• WHAT YOU ARE ASKED TO DO: The required answer is an exact copy of every entry underneath.

── INPUT

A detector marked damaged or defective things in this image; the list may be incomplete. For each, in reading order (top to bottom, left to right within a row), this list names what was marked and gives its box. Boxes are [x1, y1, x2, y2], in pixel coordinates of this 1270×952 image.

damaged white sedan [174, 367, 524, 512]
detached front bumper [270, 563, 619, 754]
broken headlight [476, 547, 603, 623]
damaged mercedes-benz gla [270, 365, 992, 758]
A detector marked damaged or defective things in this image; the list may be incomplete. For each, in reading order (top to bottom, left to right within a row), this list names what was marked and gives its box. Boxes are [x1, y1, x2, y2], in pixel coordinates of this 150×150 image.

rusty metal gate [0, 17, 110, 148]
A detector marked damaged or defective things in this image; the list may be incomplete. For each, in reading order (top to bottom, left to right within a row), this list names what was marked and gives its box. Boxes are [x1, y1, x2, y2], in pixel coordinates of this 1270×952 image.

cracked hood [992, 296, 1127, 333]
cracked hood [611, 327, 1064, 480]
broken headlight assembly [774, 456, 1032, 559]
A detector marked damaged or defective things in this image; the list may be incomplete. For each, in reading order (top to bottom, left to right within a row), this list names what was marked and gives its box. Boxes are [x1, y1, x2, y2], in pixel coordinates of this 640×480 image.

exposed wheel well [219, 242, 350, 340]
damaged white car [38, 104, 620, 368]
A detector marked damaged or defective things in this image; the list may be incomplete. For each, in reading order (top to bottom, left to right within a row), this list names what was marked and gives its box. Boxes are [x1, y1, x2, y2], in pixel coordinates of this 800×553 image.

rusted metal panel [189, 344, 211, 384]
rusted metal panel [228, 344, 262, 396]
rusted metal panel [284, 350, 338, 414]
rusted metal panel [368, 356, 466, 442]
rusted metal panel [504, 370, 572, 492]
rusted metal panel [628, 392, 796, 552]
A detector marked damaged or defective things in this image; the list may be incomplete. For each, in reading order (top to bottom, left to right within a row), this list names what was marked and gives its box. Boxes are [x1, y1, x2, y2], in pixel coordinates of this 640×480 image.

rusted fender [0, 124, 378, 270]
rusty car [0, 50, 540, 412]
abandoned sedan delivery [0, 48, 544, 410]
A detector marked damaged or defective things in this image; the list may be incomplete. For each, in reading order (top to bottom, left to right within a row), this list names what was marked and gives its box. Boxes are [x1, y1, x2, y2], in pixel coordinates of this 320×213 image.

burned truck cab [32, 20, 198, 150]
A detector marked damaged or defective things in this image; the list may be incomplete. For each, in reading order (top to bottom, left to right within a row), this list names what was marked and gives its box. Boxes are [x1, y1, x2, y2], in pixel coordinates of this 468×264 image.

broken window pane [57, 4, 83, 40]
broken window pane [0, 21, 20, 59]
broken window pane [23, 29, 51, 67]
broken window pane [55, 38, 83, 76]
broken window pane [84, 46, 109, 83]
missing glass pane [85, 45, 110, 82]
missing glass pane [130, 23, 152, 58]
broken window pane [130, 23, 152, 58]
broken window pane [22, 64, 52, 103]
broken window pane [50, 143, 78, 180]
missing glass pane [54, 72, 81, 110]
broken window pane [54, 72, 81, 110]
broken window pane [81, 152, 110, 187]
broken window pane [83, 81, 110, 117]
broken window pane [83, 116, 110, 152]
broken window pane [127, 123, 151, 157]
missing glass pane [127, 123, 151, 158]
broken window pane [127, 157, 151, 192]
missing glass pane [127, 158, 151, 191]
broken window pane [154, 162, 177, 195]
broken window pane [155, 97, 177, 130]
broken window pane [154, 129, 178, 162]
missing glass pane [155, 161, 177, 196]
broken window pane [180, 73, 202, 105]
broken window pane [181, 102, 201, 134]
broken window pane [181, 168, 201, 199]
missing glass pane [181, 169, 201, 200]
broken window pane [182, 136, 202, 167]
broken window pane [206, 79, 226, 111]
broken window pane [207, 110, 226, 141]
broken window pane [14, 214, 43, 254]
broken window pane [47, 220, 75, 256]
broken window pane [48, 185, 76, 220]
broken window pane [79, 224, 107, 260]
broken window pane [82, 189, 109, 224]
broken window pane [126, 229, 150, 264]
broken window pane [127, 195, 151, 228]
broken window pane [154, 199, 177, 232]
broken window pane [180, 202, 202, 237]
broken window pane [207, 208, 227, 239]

────

• FINAL ANSWER:
A detector marked damaged or defective things in this image; the list may be incomplete. For each, in reading order (top to bottom, left to right within a row), this list names what was marked and gives its box. Boxes are [x1, y1, x2, y2], in pixel coordinates of this 1270×952 image.

damaged white sedan [174, 367, 524, 512]
detached front bumper [270, 563, 619, 754]
broken headlight [476, 547, 603, 623]
damaged mercedes-benz gla [270, 365, 992, 758]
A detector marked damaged or defective things in this image; the list may be incomplete. For each, in reading order (top to bottom, left to right within a row), this list names what was marked and gives its box. Boxes are [x1, y1, x2, y2], in pixel coordinates of this 150×150 image.

rusty metal gate [0, 17, 110, 148]
A detector marked damaged or defective things in this image; the list may be incomplete. For each, in reading order (top to bottom, left to right within a row), this list names what was marked and gives its box. Boxes are [x1, y1, x2, y2], in pixel coordinates of this 1270×952 image.

cracked hood [992, 296, 1127, 333]
cracked hood [611, 327, 1064, 480]
broken headlight assembly [774, 456, 1032, 559]
A detector marked damaged or defective things in this image; the list may be incomplete. For each, in reading order (top to bottom, left to right within a row), this list names what was marked and gives its box. Boxes are [x1, y1, x2, y2], in pixel coordinates of this 640×480 image.

exposed wheel well [219, 242, 350, 340]
damaged white car [38, 104, 620, 368]
A detector marked damaged or defective things in this image; the list may be incomplete. For each, in reading order (top to bottom, left to right within a row), this list names what was marked and gives its box. Boxes are [x1, y1, x2, y2], in pixel coordinates of this 800×553 image.

rusted metal panel [189, 344, 211, 384]
rusted metal panel [228, 344, 262, 396]
rusted metal panel [284, 350, 338, 414]
rusted metal panel [368, 356, 466, 442]
rusted metal panel [504, 370, 572, 492]
rusted metal panel [628, 392, 796, 552]
A detector marked damaged or defective things in this image; the list may be incomplete. For each, in reading order (top to bottom, left to right within a row), this list names what was marked and gives its box. Boxes are [x1, y1, x2, y2], in pixel coordinates of this 640×480 image.

rusted fender [0, 124, 378, 270]
rusty car [0, 50, 540, 412]
abandoned sedan delivery [0, 48, 544, 410]
A detector marked damaged or defective things in this image; the list may be incomplete. For each, in reading order (top to bottom, left to right within a row), this list names what was marked and gives its box. Boxes are [x1, y1, x2, y2], in pixel coordinates of this 320×213 image.

burned truck cab [32, 20, 198, 150]
A detector marked damaged or defective things in this image; the list may be incomplete. For each, in reading order (top to bottom, left to right within a row), this list names what was marked and gives its box. Boxes are [x1, y1, x2, y2], in pixel coordinates of this 468×264 image.

broken window pane [57, 4, 83, 40]
broken window pane [0, 21, 20, 59]
broken window pane [23, 29, 51, 67]
broken window pane [55, 38, 83, 76]
broken window pane [84, 46, 109, 83]
missing glass pane [85, 45, 110, 82]
missing glass pane [130, 23, 152, 58]
broken window pane [130, 23, 152, 58]
broken window pane [22, 64, 52, 103]
broken window pane [50, 143, 78, 180]
missing glass pane [54, 72, 81, 110]
broken window pane [54, 72, 81, 110]
broken window pane [81, 152, 110, 187]
broken window pane [83, 81, 110, 117]
broken window pane [83, 116, 110, 152]
broken window pane [127, 123, 151, 157]
missing glass pane [127, 123, 151, 158]
broken window pane [127, 157, 151, 192]
missing glass pane [127, 158, 151, 191]
broken window pane [154, 162, 177, 195]
broken window pane [155, 97, 177, 130]
broken window pane [154, 129, 178, 162]
missing glass pane [155, 161, 177, 196]
broken window pane [180, 73, 202, 105]
broken window pane [181, 102, 201, 134]
broken window pane [181, 168, 201, 199]
missing glass pane [181, 169, 201, 200]
broken window pane [182, 136, 202, 167]
broken window pane [206, 79, 226, 111]
broken window pane [207, 110, 226, 141]
broken window pane [14, 214, 43, 254]
broken window pane [47, 220, 75, 256]
broken window pane [48, 185, 76, 220]
broken window pane [79, 224, 107, 260]
broken window pane [82, 189, 109, 224]
broken window pane [126, 229, 150, 264]
broken window pane [127, 195, 151, 228]
broken window pane [154, 199, 177, 232]
broken window pane [180, 202, 202, 237]
broken window pane [207, 208, 227, 239]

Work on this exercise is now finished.